L’article 16 de l’ordonnance liste limitativement les manquements pouvant donner lieu à une annulation du contrat en référé contractuel : l’absence de toute mesure de publicité requise pour la passation, la méconnaissance des modalités de remise en concurrence pour la passation des contrats fondés sur un accordcadre ou un système d’acquisition dynamique, et la signature du contrat avant écoulement du délai de stand still1. Toutefois, un marché passé selon une procédure adaptée permet au pouvoir adjudicateur de signer le contrat sans avoir à respecter le délai de stand still, limitant le candidat évincé à l’exercice du seul recours contractuel.

La Cour de cassation n’a pas instauré, devant la juridiction judiciaire, une voie de recours similaire à celle ouverte de façon prétorienne par le Conseil d’Etat dans sa jurisprudence Tarn-et-Garonne2. Cette décision permet aux tiers lésés dans leurs intérêts de façon suffisamment directe et certaine de contester la validité d’un contrat dans le cadre d’un recours de pleine juridiction, en pouvant invoquer d’autres moyens que ceux susceptibles d’être invoqués en référé précontractuel.

Le Conseil constitutionnel juge, cependant, que les dispositions contestées ne portent pas une atteinte disproportionnée au droit à un recours juridictionnel effectif. La limitation des cas d’annulation des contrats de droit privé de la commande publique aux violations les plus graves des obligations de publicité et de mise en concurrence se justifie par l’objectif d’intérêt général poursuivi par le législateur qui souhaite assurer la sécurité juridique des relations contractuelles.

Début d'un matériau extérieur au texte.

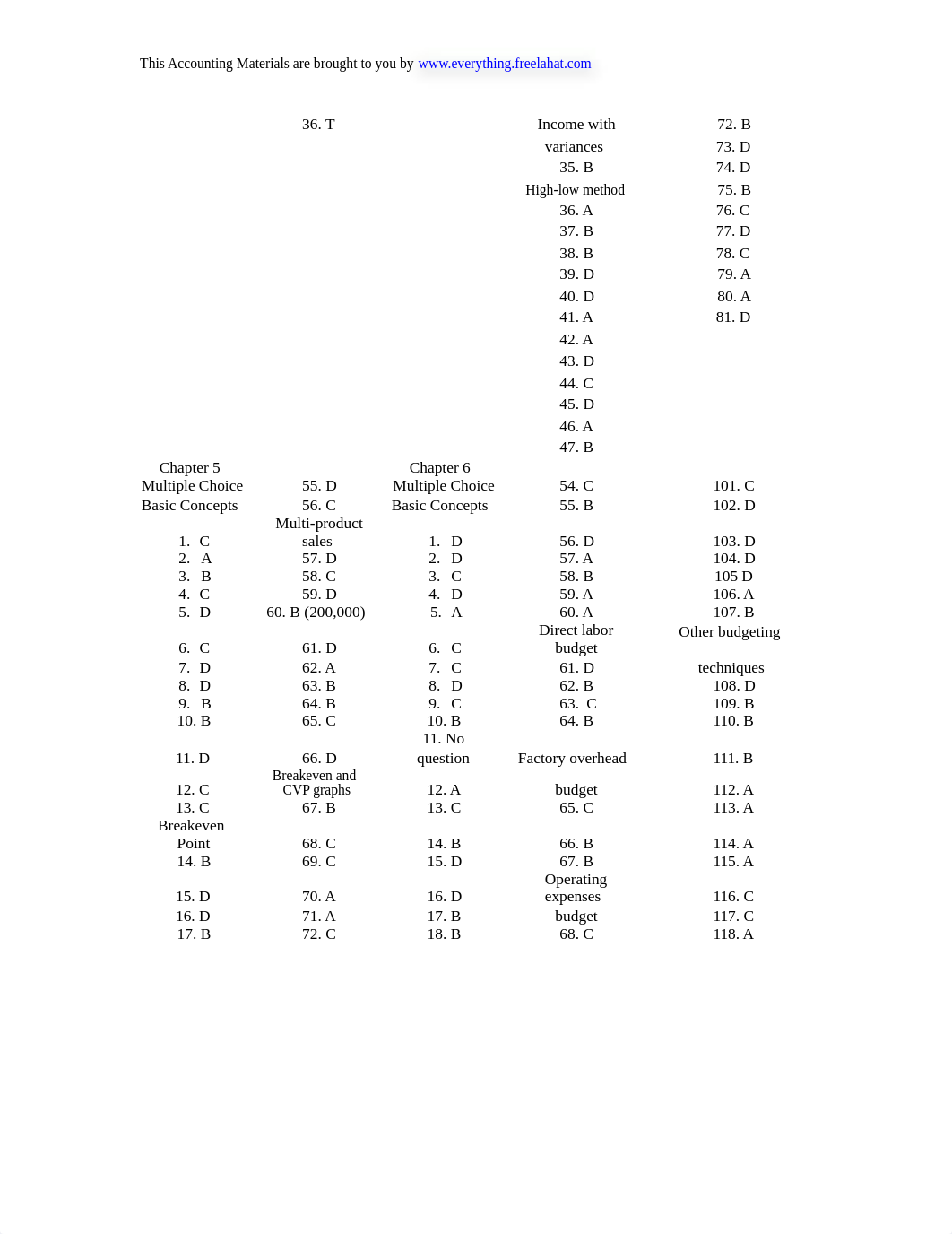 MULTIPLE CHOICE - Agamata Textbook_dqe7wg6wxlt_page2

La décision souligne, par ailleurs, que les dispositions contestées ne font pas obstacle à la formation par le candidat irrégulièrement évincé d’une action en responsabilité contre la personne responsable du manquement dénoncé.

2) Les dispositions de l’article 16 de l’ordonnance du 7 mai 2009 placent les concurrents des contrats privés de la commande publique dans une situation différente et moins favorable que celle des concurrents des contrats administratifs

En plus du référé contractuel, les candidats évincés à l’issue de la procédure de passation d’un contrat administratif de la commande publique, ainsi que les tiers à un tel contrat susceptibles d’être lésés dans leurs intérêts de façon suffisamment directe et certaine par sa passation ou ses clauses, peuvent former, après la signature du contrat, un recours en contestation de sa validité.

Selon la requérante à l’origine des QPC, l’absence d’une telle voie de droit devant la juridiction judiciaire placerait les concurrents évincés d’une procédure de passation d’un contrat de droit privé relevant de la commande publique dans une situation d’inégalité visà-vis de ceux d’un contrat administratif. Cette différence de traitement ne serait pas justifiée, la sanction des principes de la commande publique devant trouver à s’appliquer indifféremment de la nature administrative ou de droit privé du contrat concerné.

Le Conseil constitutionnel considère néanmoins que les contrats administratifs et les contrats de droit privé répondent à des finalités et à des régimes juridiques différents. L’ordonnance du 7 mai 2009 ne prévoit pas, en effet, de dispositions communes aux deux types de contrats. Les candidats à l’attribution d’un contrat de droit privé étant dans une situation différente des candidats évincés d’un contrat administratif, la différence de traitement ne méconnaît pas le principe d’égalité devant la loi.

Les voies de recours instituées pour contester une procédure de passation d’un contrat de droit privé de la commande publique ont donc été jugées suffisantes pour garantir le droit à un recours juridictionnel effectif pour les concurrents évincés. La différence de situation dans laquelle se trouvent ces derniers par rapport aux candidats à une procédure de passation d’un contrat administratif est justifiée par des finalités et des régimes juridiques différents.